── Records shown
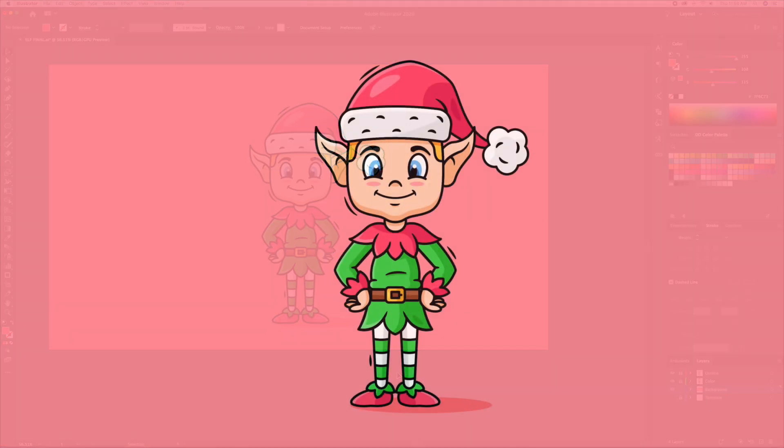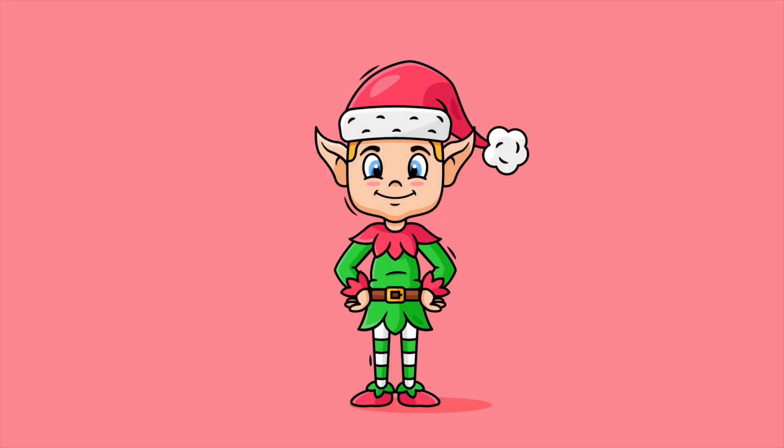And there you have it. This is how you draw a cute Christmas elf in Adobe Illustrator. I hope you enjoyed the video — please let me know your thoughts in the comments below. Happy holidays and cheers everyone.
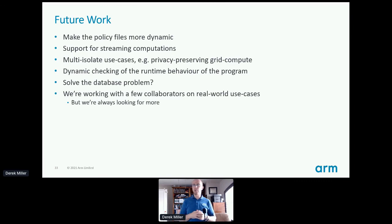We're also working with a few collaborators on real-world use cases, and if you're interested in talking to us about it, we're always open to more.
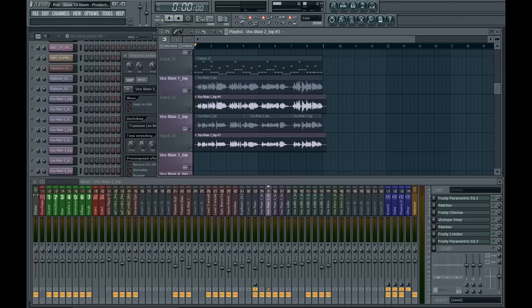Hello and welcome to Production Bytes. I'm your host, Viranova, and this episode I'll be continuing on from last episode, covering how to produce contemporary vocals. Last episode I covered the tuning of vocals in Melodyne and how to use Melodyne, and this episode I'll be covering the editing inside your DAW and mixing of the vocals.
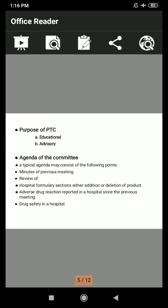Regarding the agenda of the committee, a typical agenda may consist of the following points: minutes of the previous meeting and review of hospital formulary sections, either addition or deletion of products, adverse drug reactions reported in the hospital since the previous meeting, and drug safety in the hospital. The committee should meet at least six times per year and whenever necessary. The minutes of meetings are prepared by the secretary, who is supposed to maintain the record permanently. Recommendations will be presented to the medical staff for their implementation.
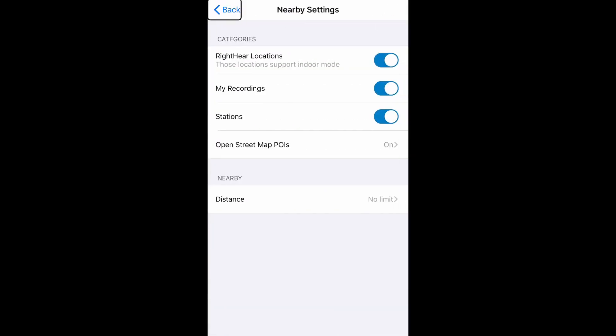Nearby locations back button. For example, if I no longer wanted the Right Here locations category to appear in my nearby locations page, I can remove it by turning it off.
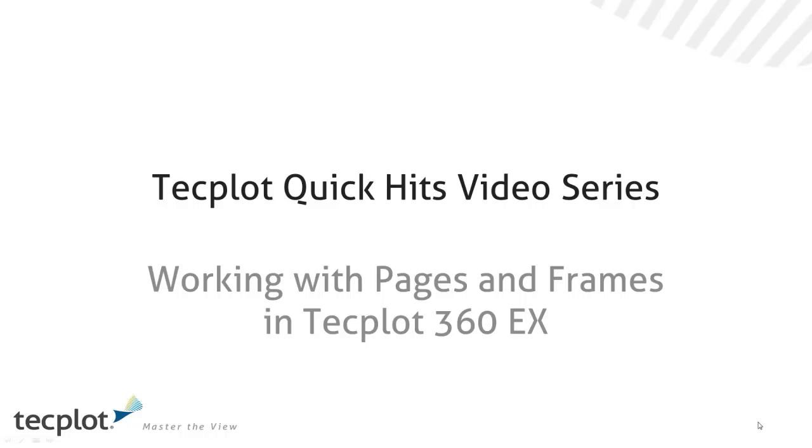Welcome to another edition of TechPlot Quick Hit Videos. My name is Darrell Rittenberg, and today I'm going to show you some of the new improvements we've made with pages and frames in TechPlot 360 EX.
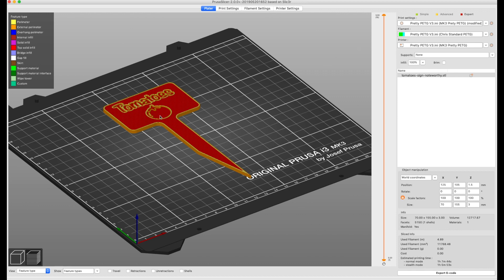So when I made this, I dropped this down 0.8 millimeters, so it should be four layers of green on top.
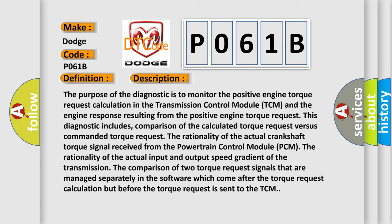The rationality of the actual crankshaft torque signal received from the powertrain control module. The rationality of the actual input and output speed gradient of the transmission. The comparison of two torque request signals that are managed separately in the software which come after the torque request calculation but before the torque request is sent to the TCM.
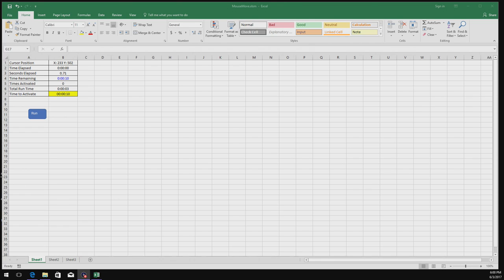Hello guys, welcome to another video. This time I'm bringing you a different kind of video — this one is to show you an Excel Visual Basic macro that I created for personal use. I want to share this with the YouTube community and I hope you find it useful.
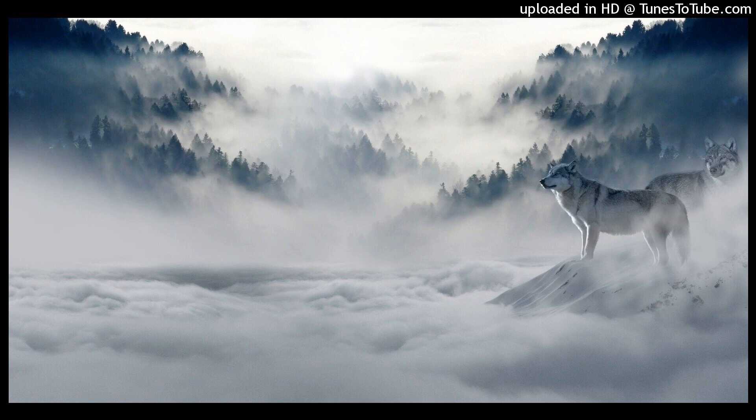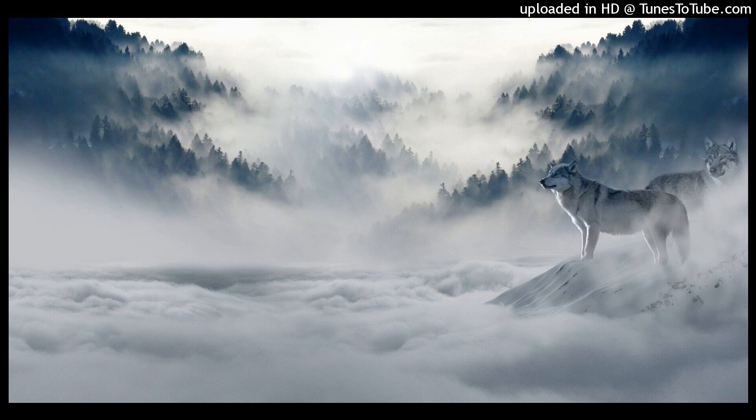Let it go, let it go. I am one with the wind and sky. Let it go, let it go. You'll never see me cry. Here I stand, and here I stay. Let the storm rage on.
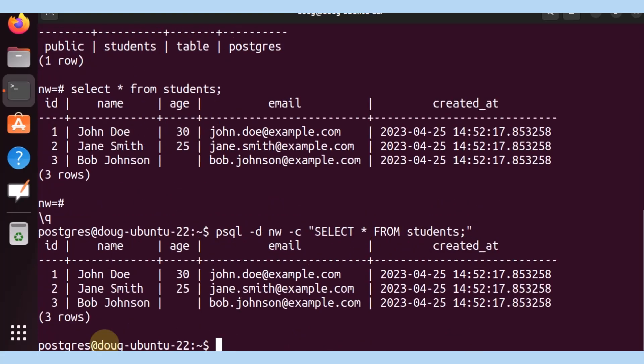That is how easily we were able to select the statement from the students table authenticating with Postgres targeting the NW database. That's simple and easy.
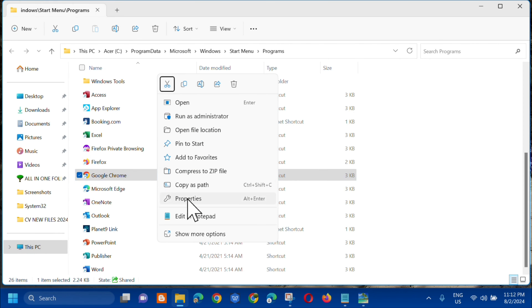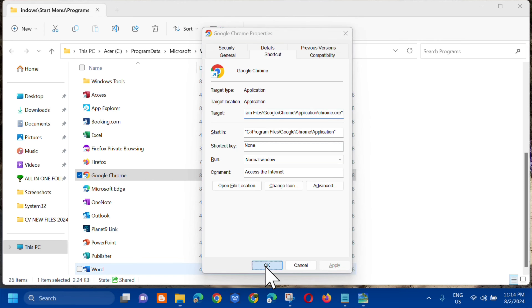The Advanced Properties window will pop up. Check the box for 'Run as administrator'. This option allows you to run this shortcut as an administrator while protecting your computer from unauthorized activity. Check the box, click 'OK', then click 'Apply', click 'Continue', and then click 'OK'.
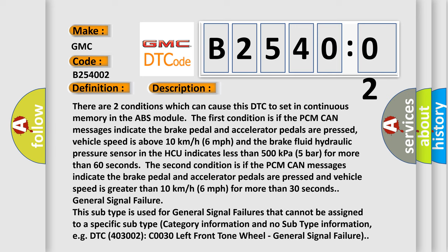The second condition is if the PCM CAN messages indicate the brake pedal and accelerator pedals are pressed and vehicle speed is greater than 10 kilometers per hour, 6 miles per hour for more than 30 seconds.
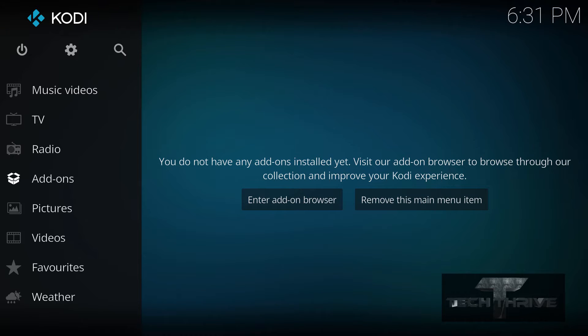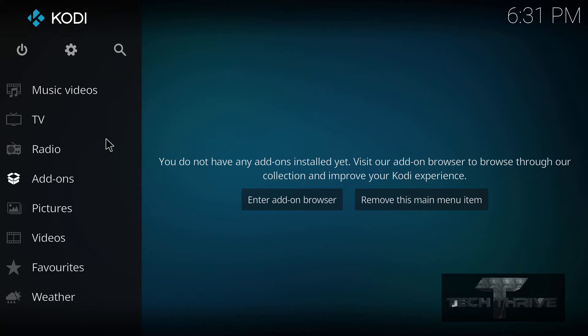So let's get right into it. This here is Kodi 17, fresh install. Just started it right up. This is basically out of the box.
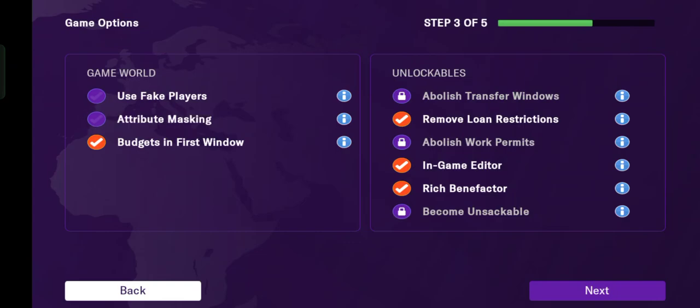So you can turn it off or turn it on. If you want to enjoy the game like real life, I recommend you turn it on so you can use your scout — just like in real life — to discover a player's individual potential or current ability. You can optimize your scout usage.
────
What the task asks:
Begin at the first line of the records. Print every line through the one containing "Hello and welcome" exactly, but skip the pictures.

Written answer:
And there you have it. This is how you draw a cute Christmas elf in Adobe Illustrator. I hope you enjoyed the video — please let me know your thoughts in the comments below. Happy holidays and cheers everyone.
We're also working with a few collaborators on real-world use cases, and if you're interested in talking to us about it, we're always open to more.
Hello and welcome to Production Bytes. I'm your host, Viranova, and this episode I'll be continuing on from last episode, covering how to produce contemporary vocals. Last episode I covered the tuning of vocals in Melodyne and how to use Melodyne, and this episode I'll be covering the editing inside your DAW and mixing of the vocals.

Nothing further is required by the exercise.